* **What to produce**: Every entry should be duplicated verbatim, and no picture may appear in the copy.

* **Records from a data collection**:
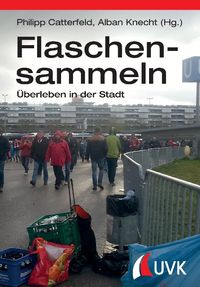Produktbild: Flaschensammeln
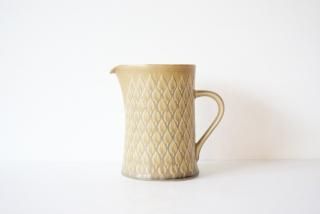 Kronjyden / Relief �ԥå��㡼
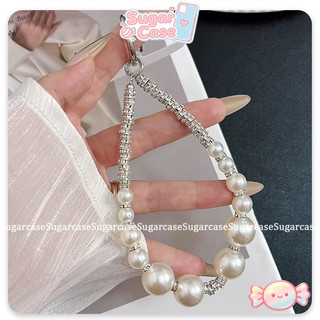 Ốp Lưng Cho IPhone 13 11 16 17 12 14 15 Pro Max 15 16 14 Plus Vỏ mềm hình ngôi sao thời trang Flash Diamond Stars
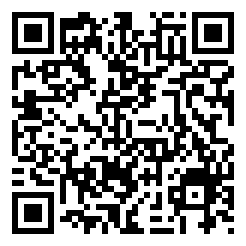 火影战记自来也版下载二维码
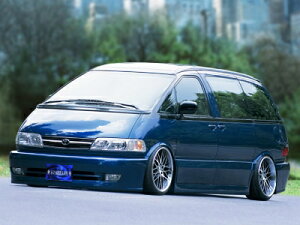 TCR GXeB} Volker tgop[
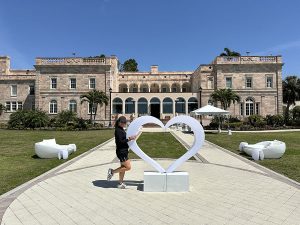 Sarasota-event-furniture-rental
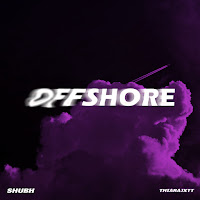 Offshore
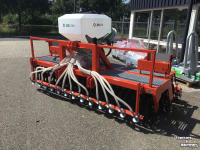 Zaaimachine Kuhn Twin-Seeder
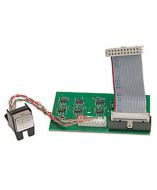 Datacard 505349-001 Access Control Reader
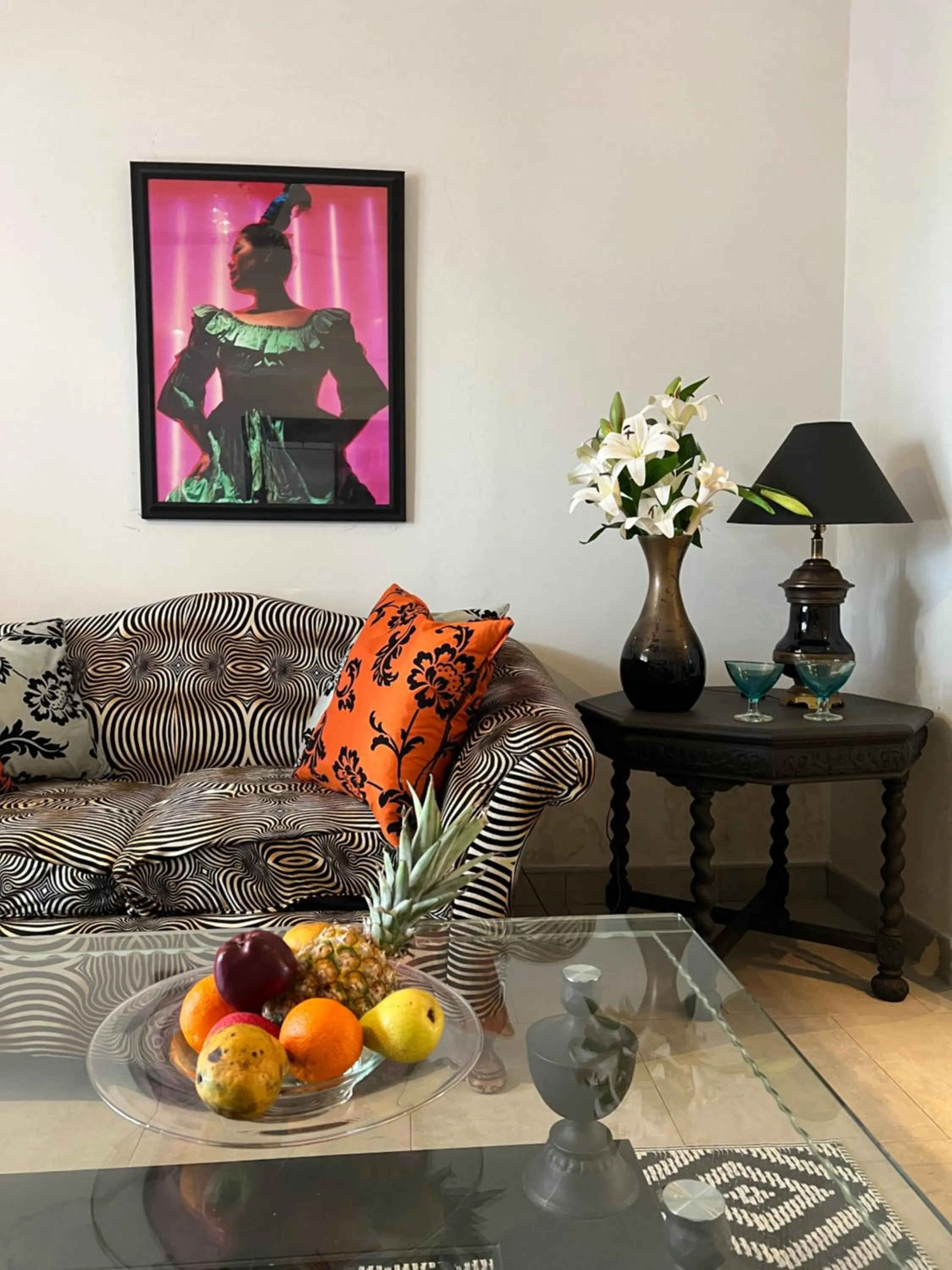 RoofTop Boutique Hotel Adults Only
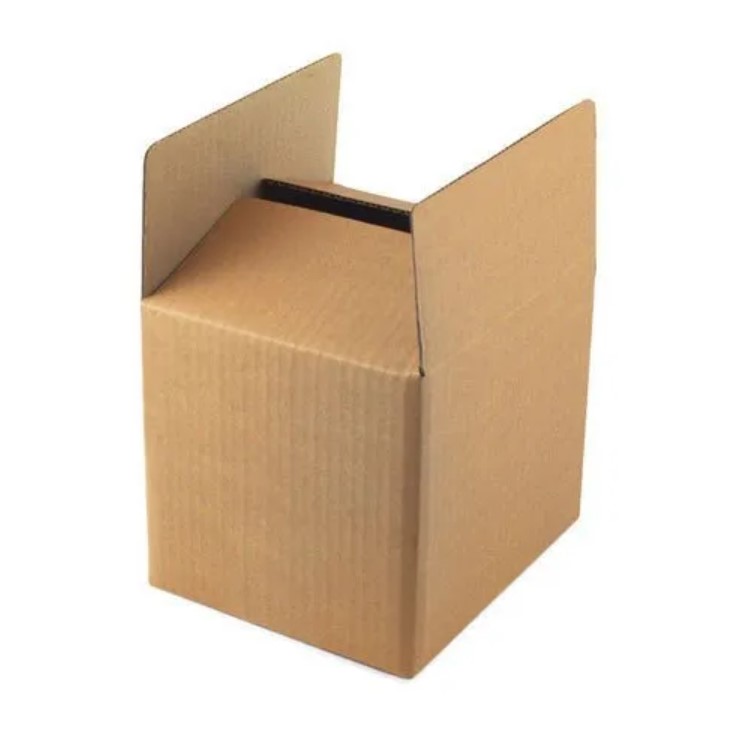 Carton Box (60*40*40) 3 Layers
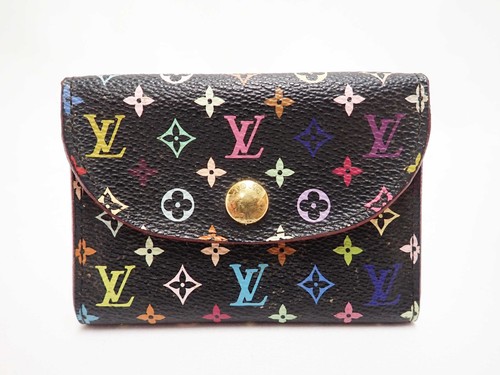 Louis vuitton monogramma - vuitton,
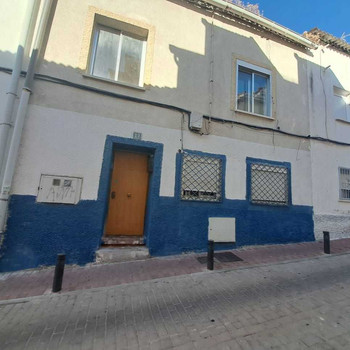 Wohnung zum Verkauf in Algete, 3 Schlafzimmer.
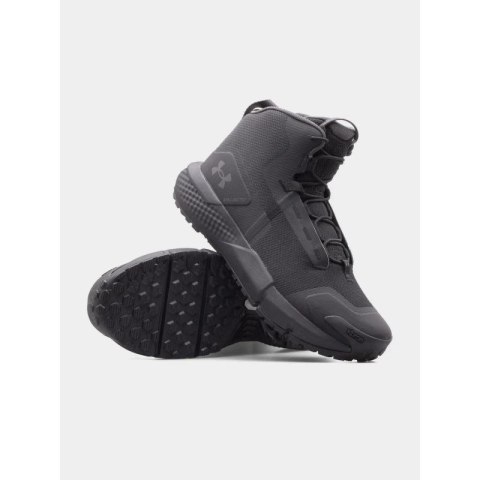 Buty Under Armour Valsetz Mid M 3027382-001 45 Buty Under Armour Valsetz Mid M 3027382-001 45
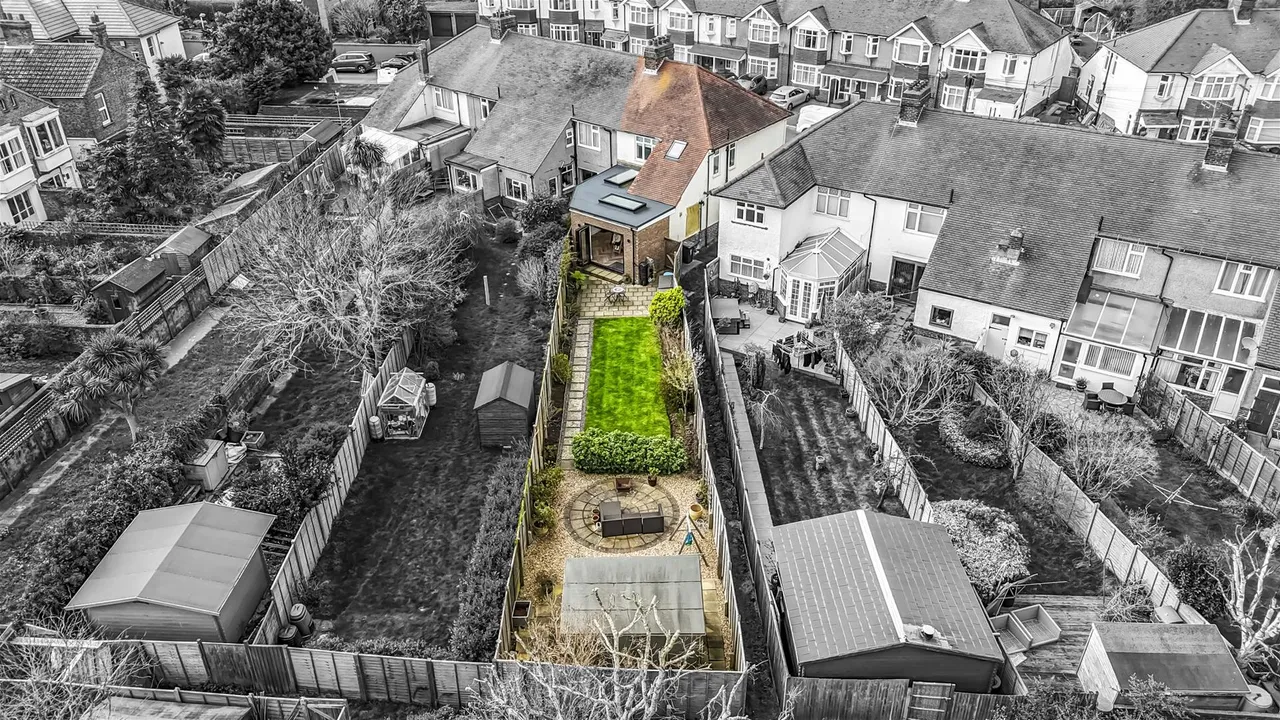 Normandy Road, Worthing, photo 16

* **Solution for this problem**:
Produktbild: Flaschensammeln
 Kronjyden / Relief �ԥå��㡼
 Ốp Lưng Cho IPhone 13 11 16 17 12 14 15 Pro Max 15 16 14 Plus Vỏ mềm hình ngôi sao thời trang Flash Diamond Stars
 火影战记自来也版下载二维码
 TCR GXeB} Volker tgop[
 Sarasota-event-furniture-rental
 Offshore
 Zaaimachine Kuhn Twin-Seeder
 Datacard 505349-001 Access Control Reader
 RoofTop Boutique Hotel Adults Only
 Carton Box (60*40*40) 3 Layers
 Louis vuitton monogramma - vuitton,
 Wohnung zum Verkauf in Algete, 3 Schlafzimmer.
 Buty Under Armour Valsetz Mid M 3027382-001 45 Buty Under Armour Valsetz Mid M 3027382-001 45
 Normandy Road, Worthing, photo 16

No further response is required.